DURING ASHNA Blackston's sophomore year at Martin Luther King High in East Germantown, she got out of school later than her peers at other schools. For many teenagers, it would've been a nuisance, but the extra time allowed Blackston to get tutoring, dig into her studies and develop a closer relationship with her teachers.
"You could learn more in the classes. We had more time for the teachers to work with us one-on-one," recalled Blackston, now a senior. "It was helpful."
King was part of the second set of Promise Academies - the district's turnaround model ushered in under the late Arlene Ackerman's Renaissance Schools Initiative to turn around failing schools. Promise Academies were targeted for additional resources and called for changes to at least 50 percent of the staff. They received additional money for professional development, a longer school day, additional teachers and staff support.
But since 2011, King and the other Promise Academies have seen those "extras" disappear as a result of budget cuts, leaving their futures less certain, particularly in light of the district's $216 million deficit for next year.
"That's really frustrating. To know that each year lends to the next," said King principal William Wade, who arrived in the school's first year under the initiative after leaving Vaux High School, another Promise Academy in North Philadelphia.
"You're impacted tremendously the next year," he said, "and the baseline you set [in terms of achievement] is kind of out the window because a new one is going to be created."
In the first year of Promise Academies, in 2010-11, the district spent $5.9 million for six schools, or almost $1 million per school. That's down to $7.1 million for 10 schools this year, or about $710,000 per school.
Strawberry Mansion High and Edison High, which are in the planning stages, will become Promise Academies in September, bringing the total number to 12.
The loss in funds means students no longer receive the extra hour of instruction three days a week, or the enrichment period, which included tutoring or extracurricular activities that helped motivate some students. Teachers have gone from having professional development every week to a few days a year, and layoffs have increased class sizes.

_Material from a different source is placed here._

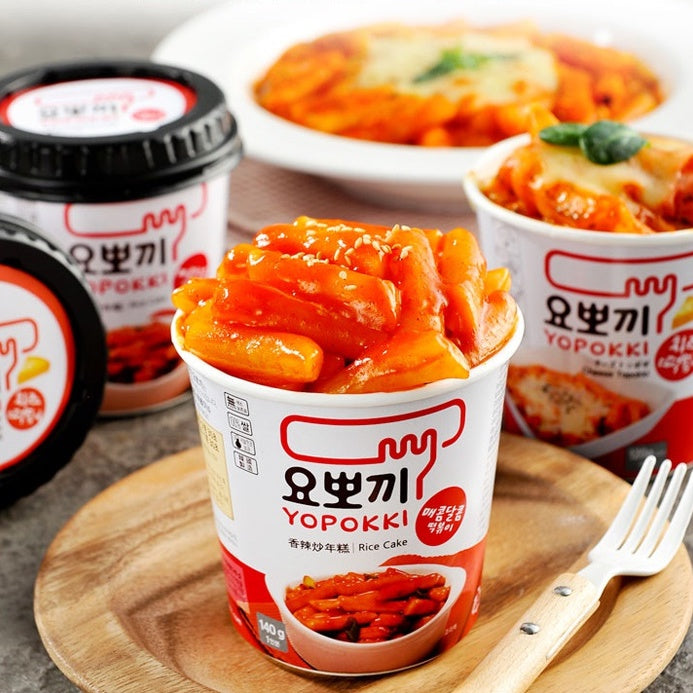 Tteokbokki Rice Cake Cup Sweet & Spicy 140g - Yopokki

As an example of the casualties, West Philadelphia High School will lose an instructional music teacher, a dance teacher, and a career and technical-education teacher next school year because it can no longer afford to keep them, principal Mary Dean said.
"What we said we were going to do for Promise Academies and the model for turnaround, in its inception, it was going well," Dean said. "But because of the severe budget cuts across the board, we tend to experience those cuts a little deeper" because we work with a disadvantaged population.

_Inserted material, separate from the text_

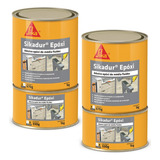 Sikadur Epoxi 1kg Cola P Ferro Concreto Sika Kit 2 Un
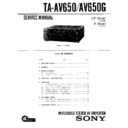 Sony TA-AV650, TA-AV650G Service Manual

Early reviews of the first six Promise Academies in 2010-11 were encouraging. Those schools - along with seven schools whose management was turned over to charter operators - "significantly outperformed" comparison schools in attendance and student achievement, according to a 2012 report from Research for Action, a locally based nonprofit focused on education.
"I thought that [report] was very positive, and I was very anxious for the program to continue and to expand and we would keep studying what the results were year after year," said Joseph Dworetzky, a former member of the School Reform Commission. "Then, we got, unfortunately, into the budget [crisis]."
In 2011-12, the second year of the Renaissance Schools Initiative, more schools were added to the program, but a reduction in funding led to widespread layoffs of teachers and central-office staff who oversaw them. The high turnover went all the way to the top, with Ackerman leaving the district in August 2011.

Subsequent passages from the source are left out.